DIRECTIONS:
Every line below is to be copied exactly, with the pictures left out.

Dataset entries:
+ + + + + + +

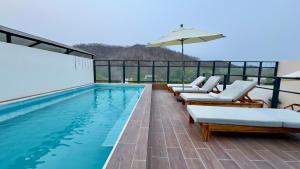 a swimming pool with lounge chairs and an umbrella at Nabani Condominios T2 in Santa Cruz Huatulco
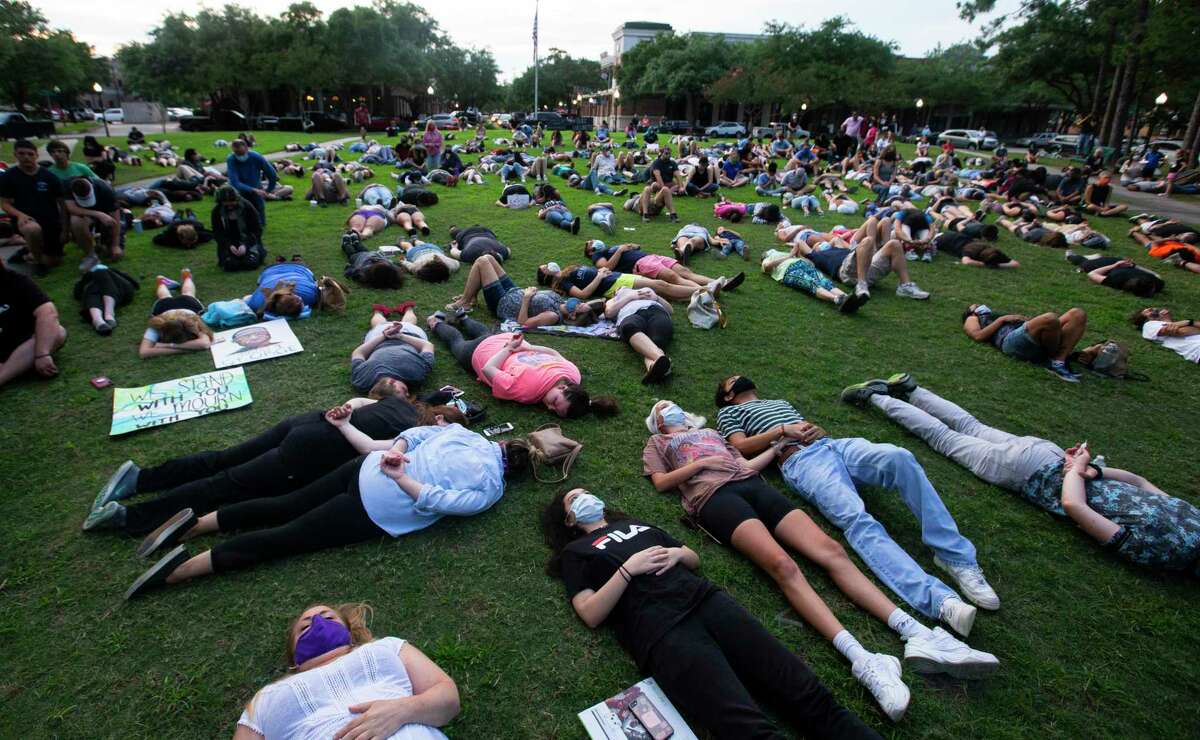 More than 200 people lay down, or kneel down, or lay in arrest position silently for eight minutes and forty-six seconds at Town Center Park to honor George Floyd, who died in Minneapolis Police Department custody a week ago, Monday, June 1, 2020, in Kingwood. The event was organized by two Humble ISD teachers, Cindy Welch and Gaby Diaz.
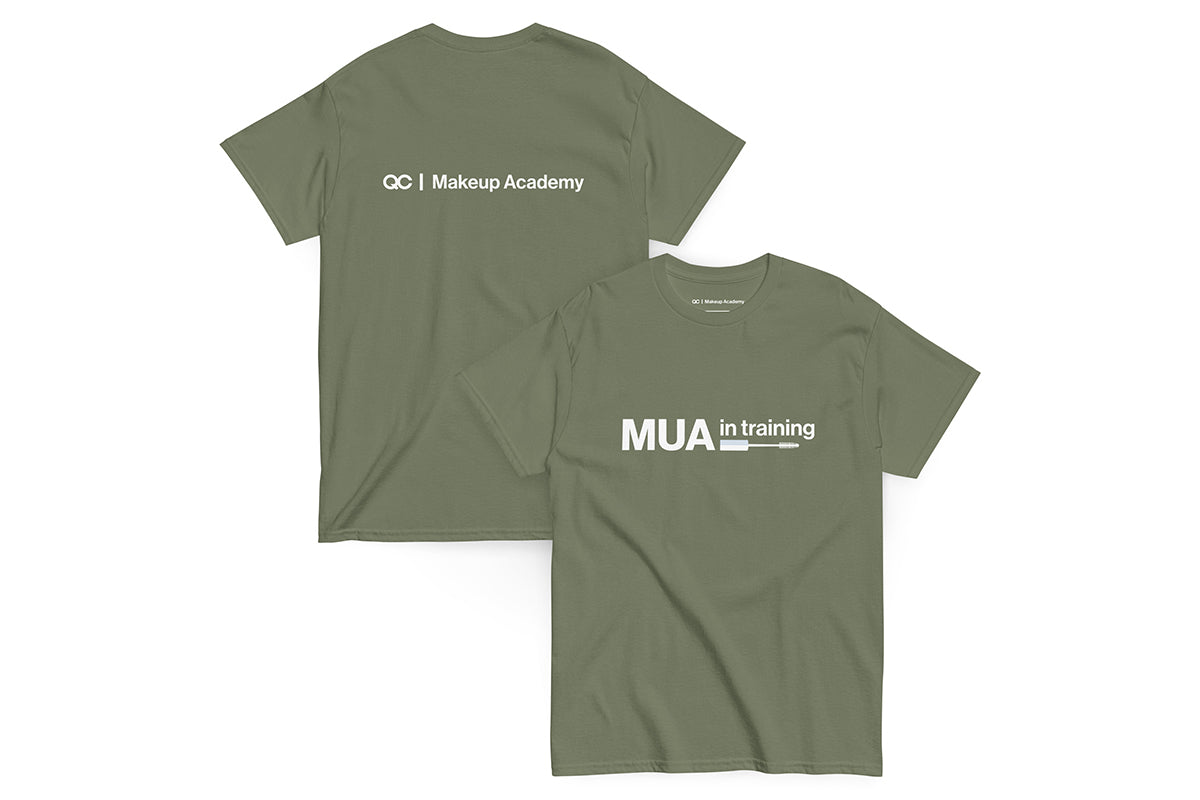 Green t-shirt with text 'MUA in Training' on a white background. Back of t-shirt reads "QC Makeup Academy".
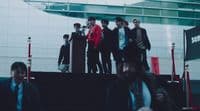 a group of young men standing on top of a stage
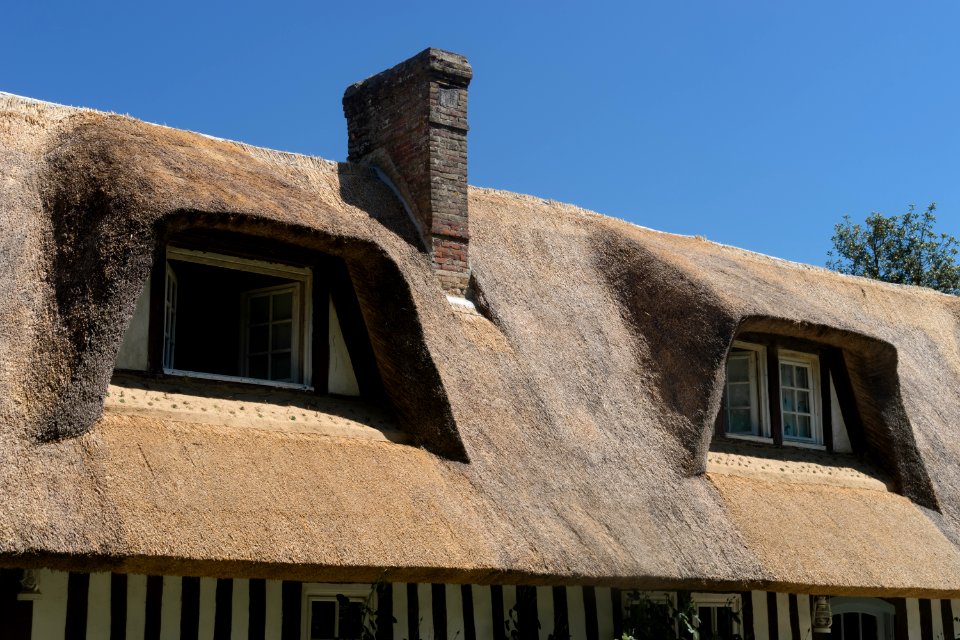 Chimney windows thatched roof Normandy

+ + + + + + +

OUTPUT OF THE EXERCISE:
 a swimming pool with lounge chairs and an umbrella at Nabani Condominios T2 in Santa Cruz Huatulco
 More than 200 people lay down, or kneel down, or lay in arrest position silently for eight minutes and forty-six seconds at Town Center Park to honor George Floyd, who died in Minneapolis Police Department custody a week ago, Monday, June 1, 2020, in Kingwood. The event was organized by two Humble ISD teachers, Cindy Welch and Gaby Diaz.
 Green t-shirt with text 'MUA in Training' on a white background. Back of t-shirt reads "QC Makeup Academy".
 a group of young men standing on top of a stage
 Chimney windows thatched roof Normandy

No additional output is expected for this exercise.